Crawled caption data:
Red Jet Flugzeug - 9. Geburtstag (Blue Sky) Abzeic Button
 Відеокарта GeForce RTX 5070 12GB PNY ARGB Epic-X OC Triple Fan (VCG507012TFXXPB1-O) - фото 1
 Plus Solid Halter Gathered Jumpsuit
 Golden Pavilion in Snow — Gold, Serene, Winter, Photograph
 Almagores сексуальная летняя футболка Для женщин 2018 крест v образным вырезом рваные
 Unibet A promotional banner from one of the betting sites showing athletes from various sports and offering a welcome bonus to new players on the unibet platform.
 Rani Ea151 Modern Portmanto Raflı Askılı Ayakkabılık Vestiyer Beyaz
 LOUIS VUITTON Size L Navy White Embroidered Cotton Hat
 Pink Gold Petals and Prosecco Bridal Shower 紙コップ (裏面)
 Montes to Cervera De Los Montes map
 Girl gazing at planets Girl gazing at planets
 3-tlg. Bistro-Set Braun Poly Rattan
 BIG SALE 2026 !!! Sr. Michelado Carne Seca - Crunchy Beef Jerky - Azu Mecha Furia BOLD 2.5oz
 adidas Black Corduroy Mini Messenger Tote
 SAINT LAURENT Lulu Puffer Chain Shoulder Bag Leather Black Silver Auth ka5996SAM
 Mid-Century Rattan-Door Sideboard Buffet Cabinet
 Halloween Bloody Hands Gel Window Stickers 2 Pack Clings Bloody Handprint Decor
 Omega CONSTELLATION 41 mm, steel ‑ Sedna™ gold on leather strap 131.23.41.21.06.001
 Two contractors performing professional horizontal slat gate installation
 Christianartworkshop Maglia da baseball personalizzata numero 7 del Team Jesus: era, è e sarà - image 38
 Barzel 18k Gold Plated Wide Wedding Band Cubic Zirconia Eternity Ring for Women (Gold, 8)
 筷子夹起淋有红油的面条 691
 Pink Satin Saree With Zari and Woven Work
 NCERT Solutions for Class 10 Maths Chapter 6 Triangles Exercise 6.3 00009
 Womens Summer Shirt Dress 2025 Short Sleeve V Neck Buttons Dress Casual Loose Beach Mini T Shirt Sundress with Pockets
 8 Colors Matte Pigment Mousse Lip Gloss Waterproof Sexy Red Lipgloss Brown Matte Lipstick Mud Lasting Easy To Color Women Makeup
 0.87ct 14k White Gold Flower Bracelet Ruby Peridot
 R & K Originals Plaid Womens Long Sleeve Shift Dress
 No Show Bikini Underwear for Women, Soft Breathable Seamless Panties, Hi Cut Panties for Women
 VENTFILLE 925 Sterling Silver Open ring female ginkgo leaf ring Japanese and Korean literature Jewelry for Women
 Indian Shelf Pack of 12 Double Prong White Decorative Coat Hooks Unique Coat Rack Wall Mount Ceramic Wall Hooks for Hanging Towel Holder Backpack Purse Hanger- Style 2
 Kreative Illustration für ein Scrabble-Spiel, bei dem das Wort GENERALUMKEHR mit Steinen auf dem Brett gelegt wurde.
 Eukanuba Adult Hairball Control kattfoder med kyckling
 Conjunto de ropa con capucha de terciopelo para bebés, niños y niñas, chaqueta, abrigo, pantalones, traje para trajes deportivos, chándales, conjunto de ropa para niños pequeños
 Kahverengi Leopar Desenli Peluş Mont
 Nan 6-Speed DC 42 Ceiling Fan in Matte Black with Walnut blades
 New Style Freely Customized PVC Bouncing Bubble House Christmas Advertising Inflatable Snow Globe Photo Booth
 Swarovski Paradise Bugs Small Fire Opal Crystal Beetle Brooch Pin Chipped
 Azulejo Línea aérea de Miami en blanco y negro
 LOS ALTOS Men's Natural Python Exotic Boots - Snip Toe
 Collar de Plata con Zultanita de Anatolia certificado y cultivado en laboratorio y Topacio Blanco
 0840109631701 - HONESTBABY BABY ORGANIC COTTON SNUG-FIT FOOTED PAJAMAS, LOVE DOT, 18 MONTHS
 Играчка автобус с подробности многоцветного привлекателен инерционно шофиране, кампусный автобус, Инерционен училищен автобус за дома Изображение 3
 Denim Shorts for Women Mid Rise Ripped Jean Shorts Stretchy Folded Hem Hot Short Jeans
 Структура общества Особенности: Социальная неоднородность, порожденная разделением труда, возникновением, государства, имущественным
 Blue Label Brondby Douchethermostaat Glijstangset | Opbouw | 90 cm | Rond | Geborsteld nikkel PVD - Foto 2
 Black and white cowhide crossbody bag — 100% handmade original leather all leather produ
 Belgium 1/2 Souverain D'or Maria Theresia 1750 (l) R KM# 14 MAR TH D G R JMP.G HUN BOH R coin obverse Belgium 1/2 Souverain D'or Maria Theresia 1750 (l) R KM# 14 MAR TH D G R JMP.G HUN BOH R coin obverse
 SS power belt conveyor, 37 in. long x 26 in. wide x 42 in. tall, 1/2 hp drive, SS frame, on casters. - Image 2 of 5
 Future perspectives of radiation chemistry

▸ **YOUR GOAL**:
Can you repeat, word for word, every line above from the one containing "adidas Black Corduroy Mini Messenger Tote" down to the one containing "Two contractors performing", including both?

▸ **WRITTEN ANSWER**:
 adidas Black Corduroy Mini Messenger Tote
 SAINT LAURENT Lulu Puffer Chain Shoulder Bag Leather Black Silver Auth ka5996SAM
 Mid-Century Rattan-Door Sideboard Buffet Cabinet
 Halloween Bloody Hands Gel Window Stickers 2 Pack Clings Bloody Handprint Decor
 Omega CONSTELLATION 41 mm, steel ‑ Sedna™ gold on leather strap 131.23.41.21.06.001
 Two contractors performing professional horizontal slat gate installation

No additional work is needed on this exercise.